In a 14 page opinion published June 7, 2011, Judge Carey ruled that publication of notice in only two newspapers was insufficient information to grant a motion to dismiss based on adequacy of notice. Judge Carey’s opinion is available here (the “Opinion”).
New Century TRS Holdings, Inc. (the “Debtor”), filed voluntary petitions for bankruptcy on April 2, 2007 and the claims Bar Date was established as August 31, 2007. On July 23, 2007, the claims agent published a notice of the Bar Date in The Wall Street Journal and The Orange County Register. Opinion at *3. On November 22, 2008, the plaintiffs in the adversary proceeding that gave rise to this opinion (the “Whites”) filed a claim. The Trustee for the Debtor objected to the claim on August 13, 2010, and the Whites filed this adversary complaint on November 10, 2010, requesting the Court cancel their mortgage note. After the Court consolidated the adversary proceeding and the claim, the Trustee filed a Motion to Dismiss (1) for lack of subject matter jurisdiction and (2) for asserting claims after the bar date.
Judge Carey’s Opinion
Judge Carey began his discussion of the Motion to Dismiss by examining the subject matter jurisdiction of the Bankruptcy Court. Ultimately determining that because the Debtors “did not, at the time of the bankruptcy filing, and do not now, have any interest in the Note or Mortgage,” the Courts lacks subject matter jurisdiction to order rescission or cancellation of the Mortgage. Opinion at *7. Judge Carey then granted this portion of the Motion to Dismiss.

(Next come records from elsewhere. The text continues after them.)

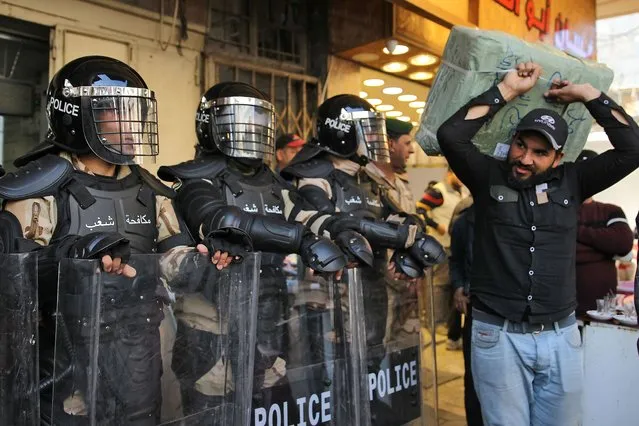 A man carrying a package walks past Iraqi riot police security forces standing guard outside the Central Bank of Iraq headquarters along Rashid Street in the centre of the capital Baghdad on December 22, 2020. Hundreds of angry Iraqis protest in several cities against a currency devaluation that has slashed their purchasing power amid a pandemic-fuelled economic crisis. The Central Bank of Iraq (CBI) at the weekend devalued the currency by over a fifth against the US dollar, officially re-pegging the dinar at a bank rate of 1,460 to the greenback. (Photo by Ahmad Al-Rubaye/AFP Photo)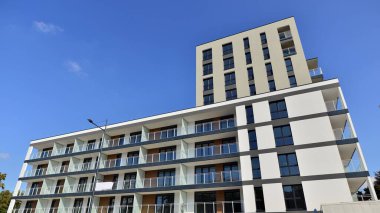 Modern lüks konut dairesi. Güneşli bir günde modern apartman binası. Mavi gökyüzü olan bir apartman. Modern bir apartmanın cephesi.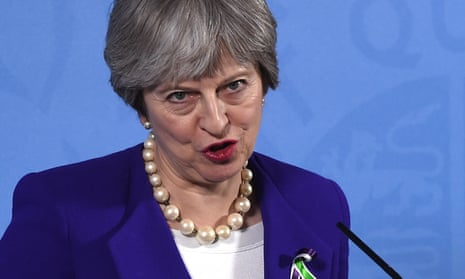 Theresa May pulling twisted features face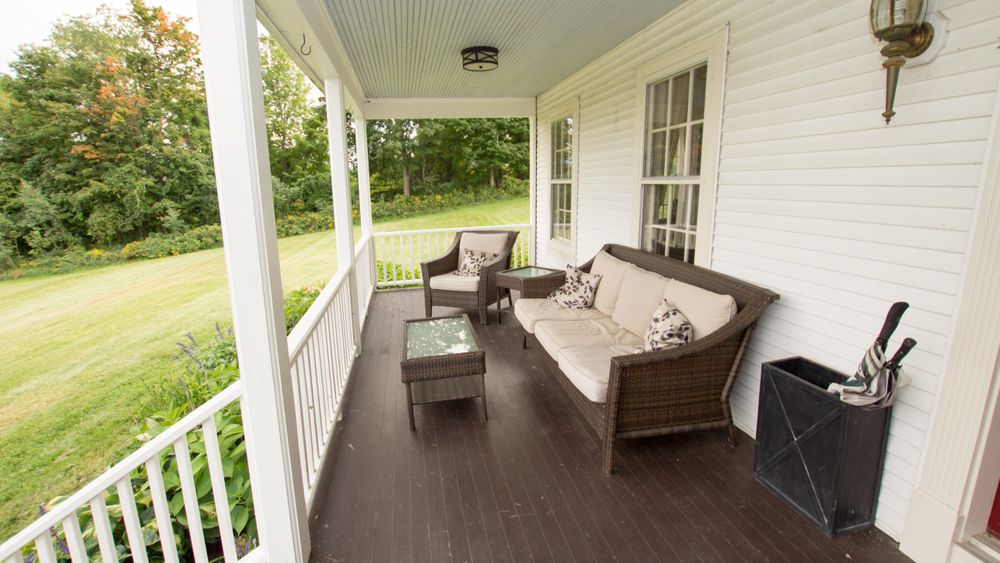 Farmhouse front porch.  Perfect for sipping coffee before the big day!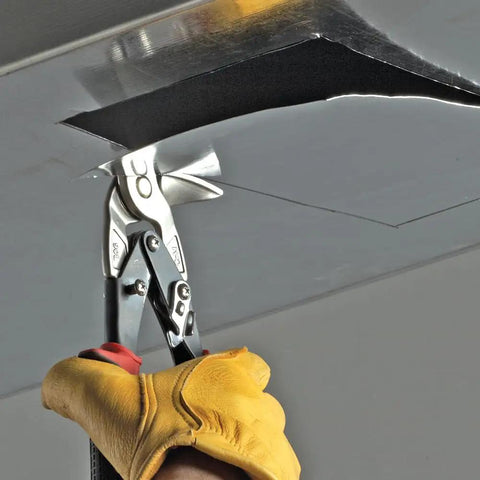 Left Cutting Aviation Snips With 90 Degree Forged Steel Jaws cutting overhead 24 gauge steel sheet, red non-slip grips visible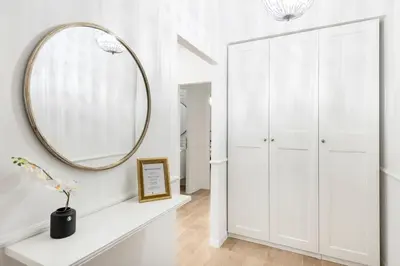 a dressing room with a mirror and a white cabinet at White flat Ground Floor in Rome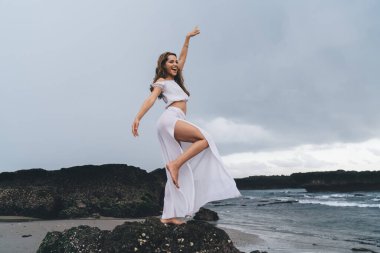 Kumlu kumsalda yaz tatilinin tadını çıkartırken gülümseyen ve bakışlarını kaçıran iyimser kadın gezginin yan görüntüsü.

Judge Carey then turned to the Motion to Dismiss as far as it pertained to the late-filed claims. The Whites argued that they did not receive adequate notice of the bar date, and therefore, their claims should not be barred. The Trustee argued that as the Whites were unknown claimants, publication of the bar date in the two newspapers was sufficient to satisfy the requirements of due process. Opinion at *12-13. Judge Carey cites extensively to Chemetron Corp. v. Jones, 72 F.3d 341 (3d Cir. 1995), in discussing the adequacy of service.
In Chemetron, the debtors published notice in The New York Times, The Wall Street Journal and seven local newspapers, satisfying the Third Circuit that the debtors had met their due process burden. In the instant case, Judge Carey held that the Trustee has not proved that publication in one national newspaper and one local newspaper is sufficient to meet due process requirements. Opinion at *14. He then denied the remainder of the Motion to Dismiss.
A Motion to Dismiss is an extreme remedy, and while courts are willing to grant them, they do so infrequently and only when there is a very strong argument in support of the motion. If there is any doubt, as there was in this case, the court will err on the side of caution and deny the motion, particularly when there are numerous unknown facts.